Guoxiang George Shen,1 Emily Briggs,2 Ryan Crass,2 Sravan Karumanchi,2 William J Boyle,1 Michael G Baker,1 Philippe Martin1
1 BioAtla, Inc., San Diego, CA.
2 Amador Bioscience, Ann Arbor, MI.
Mecbotamab vedotin (BA3011) is antibody-drug conjugate (ADC) consisting of a conditionally active biologic (CAB) anti-AXL humanized (IgG1) monoclonal antibody conjugated to monomethyl auristatin E (MMAE) using a cleavable linker. BA3011 is being developed for the treatment patients with advanced solid tumors including sarcoma with AXL expression.
As of data cutoff date 19 April 2022, BA3011 was administered by intravenous infusion to 67 patients, with doses ranged from 0.3 to 3 mg/kg once every three weeks (Q3W), 1.2 to 1.8 mg/kg once every two weeks (Q2W) and 1.8 mg/kg twice every three weeks (2Q3W). Population pharmacokinetics (popPK) analysis was performed using sequential modeling approach, where a PK model was first developed for BA3011 ADC alone, and then an integrated model was developed for BA3011 ADC and MMAE.

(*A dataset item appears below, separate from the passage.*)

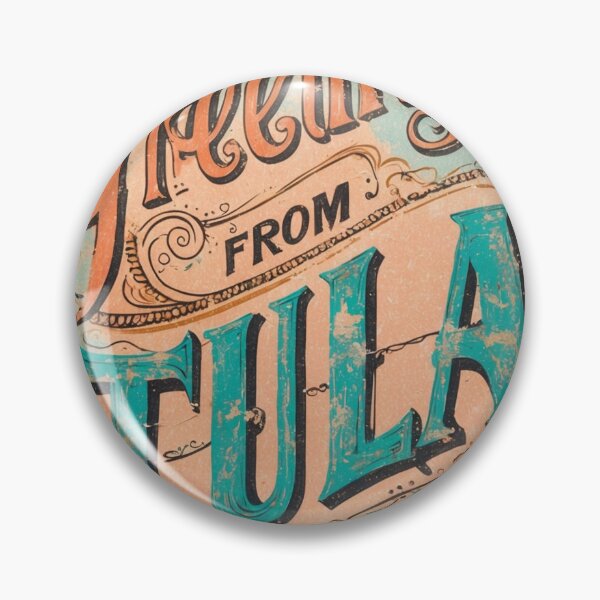 Item preview, Tula Tamaulipas Mexico Magic Town Postcard Vintage Travel designed and sold by TravelPostcardGems.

The popPK base model for BA3011 ADC and MMAE was used to generate empirical Bayes estimates of PK parameters for patients in Study BA3011-001 and used for the exposure-response (E-R) safety analysis. E-R time-to-event models were developed to characterize the relationship between BA3011 ADC or MMAE exposure and the time to first incidence of adverse events (AEs).

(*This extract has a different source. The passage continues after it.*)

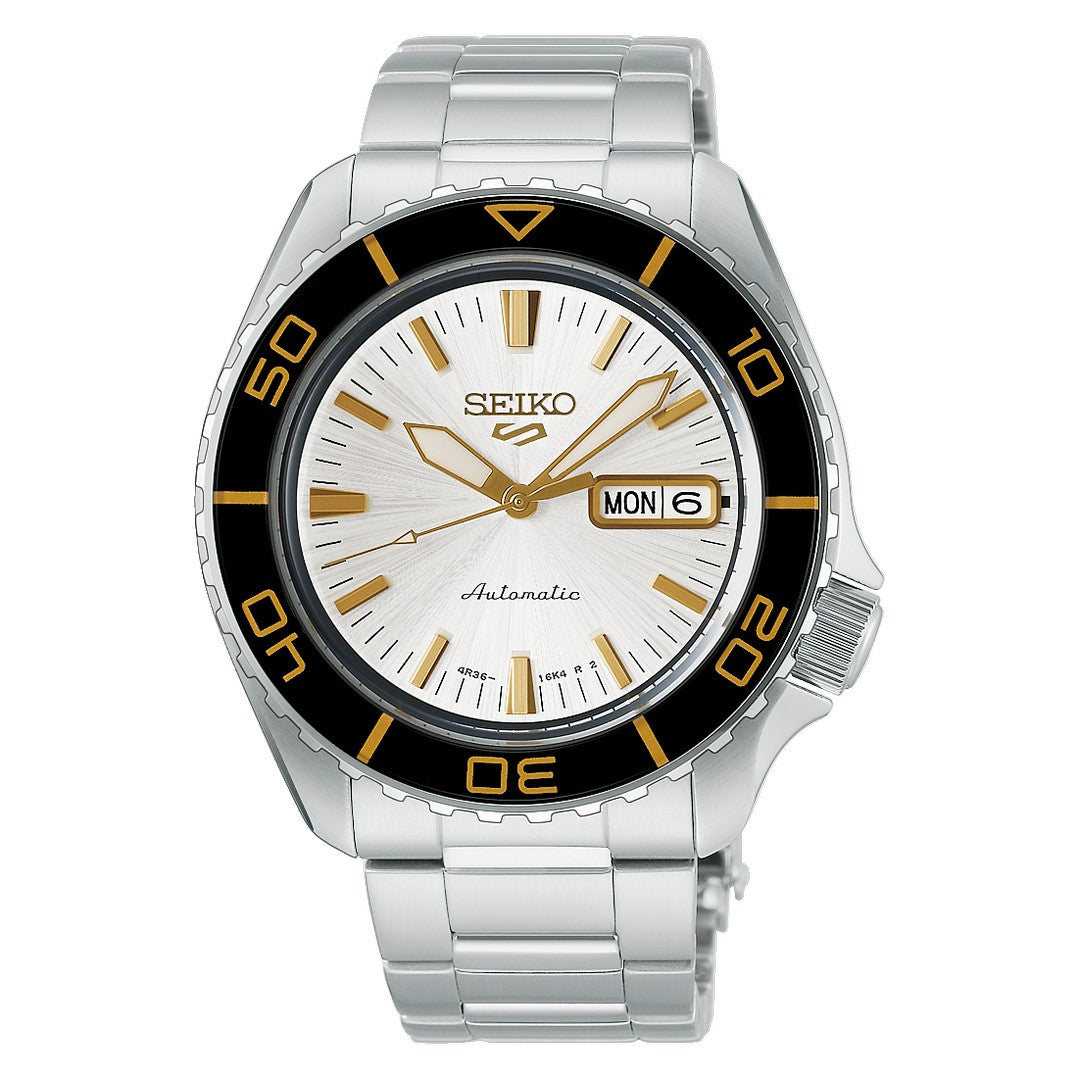 Seiko Orologio 5 Sports SKX series - hdb004k1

A popPK model with two-compartment disposition and parallel linear and nonlinear elimination of BA3011 ADC, formation of MMAE from ADC, and two-compartment disposition and linear elimination of MMAE, adequately described the PK profiles of BA3011 ADC and MMAE in patients based on model evaluation using prediction-corrected visual predictive checks. Key PK parameter estimates are summarized in the table below.
In the E-R safety analysis, statistically significant correlations were demonstrated between BA3011 ADC exposure and all safety endpoints explored (TEAE Grade ≥3, neutropenia Grade ≥3, increase in AST or ALT Grade ≥1, anemia Grade ≥2, and peripheral neuropathy Grade ≥1). Correlations were statistically significant between MMAE exposure and TEAE Grade ≥3, neutropenia Grade ≥3, increase in AST or ALT Grade ≥1, but not anemia Grade ≥2 or peripheral neuropathy Grade ≥1. Time-varying Cmax was selected as the most appropriate exposure metric for each model developed, calculated over the past 24 hours, 1 week, or 3 weeks, depending on the model.
The popPK relationship between ADC and MMAE were adequately characterized using a sequential modeling approach. BA3011 ADC exposure was correlated with all safety endpoints evaluated whereas MMAE exposure did not demonstrate correlations with anemia Grade ≥2 or peripheral neuropathy Grade ≥1. These models are essential to generate predictions of exposure and safety for dosing regimens to be evaluated in a planned Phase 2 clinical trial.